NF: When did you move from Ireland to the States?
CBC: I retired from the army in 2014 when I married my wife Jules. After that I was in the UK for two years, and then around this time last year I moved over to the U.S.
NF: What made you commit to show jumping after retiring from the army?
CBC: I’ve always really loved show jumping and I always wanted to be a show jumper at heart. Eventing is a very tough sport and it’s really hard on the horses, so show jumping appealed to me much more.
NF: Do you currently run your own program?
CBC: Yes. It’s a private set up and I currently have six horses, with my oldest being 11 and my youngest being six. I started training with George Morris in March of this year after having been introduced by our mutual friend Mark Todd.
When I was in the army, the riding style was very upright, dramatic, and European. Since riding with George he has really helped me ride in a more light and forward seat. He has an excellent system that has been tried and tested for a very long time in so many places and with so many differnet riders. He really gives you a system that you can reproduce when you’re at the shows by yourself or when training horses by yourself; you don’t have to have him with you all the time. I love that American style of riding and the system that he’s teaching me.
NF: What influenced you to compete at this year’s Rolex Central Park Horse Show?
CBC: I went last year as a spectator and it looked like a great class and the prize money is very good. Dino is based in Wellington for most of the year, but we’re in South Salem, New York for the winter. He [Dino] likes a big atmosphere and it’s just a wonderful venue. We actually have an apartment in the city so it will be nice, and it’s handy for my family to come and watch. My in laws — Bob and Christine Stiller — own him, and Bob will be in attendance to watch him jump!
NF: What do you think of the venue?
CBC: It all looks great. On Wednesday I got to look at the stabling, the warm up arena, and at the main arena. There is going to be a five minute walk from the warm up down to the main arena, so that’s a little bit different but I’m sure it will be fine.
Dino has jumped at Olympia in the small indoor arena there and he’s jumped at Geneva, so he has a lot of experience. He’s also jumped at Tryon under the lights, so he likes that type of atmosphere and he’s good in a small arena. He’s very laid back and I think he will be fine.
NF: How do you think it will feel competing under the skyscrapers?
CBC: I think it will be a little bit surreal. When we’re competing we’ll just be concentrating on our jobs as usual, but I think exercising the horses on Thursday is going to be quite something.
NF: Where did Dino last compete, and how have you been preparing him for this event?
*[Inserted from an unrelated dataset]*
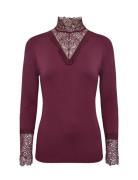 Sc-Marica Tops T-shirts & Tops Long-sleeved Burgundy Soyaconcept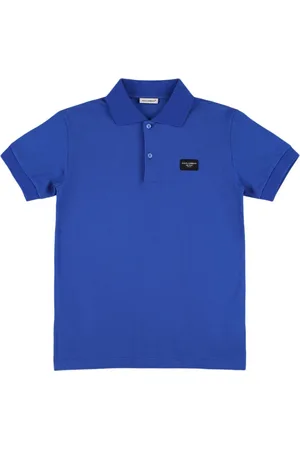 Dolce & Gabbana Cotton Piquet Polo W/logo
CBC: My last show was the Hampton Classic and he jumped really well there and placed in the grand prix qualifier. In the grand prix he went late in the class. The ground got a little torn up and he got stuck in the mud and had a couple down, but I was really happy with the way he jumped.
We have an indoor where I am and I’ve been riding him a lot there. Georgina Bloomberg has an indoor 30 minutes up the road from where we are and we schooled there during the week. She had some different jumps up and had more of an atmosphere just to get ready for this.
After this show, Dino will have a little bit of a break and then he goes to the CSI5* at Tryon. In November he’ll do the CSI4* in Kentucky.
NF: For a spectator, what do you believe will be the most thrilling part of the Rolex Central Park Horse Show?
CBC: You don’t see horses in such a built up city unless they’re police horses. You have the nice atmosphere of being in New York City and you’ve also got some top show jumping sport as well, so I think its going to be very special for someone who is going to come and watch.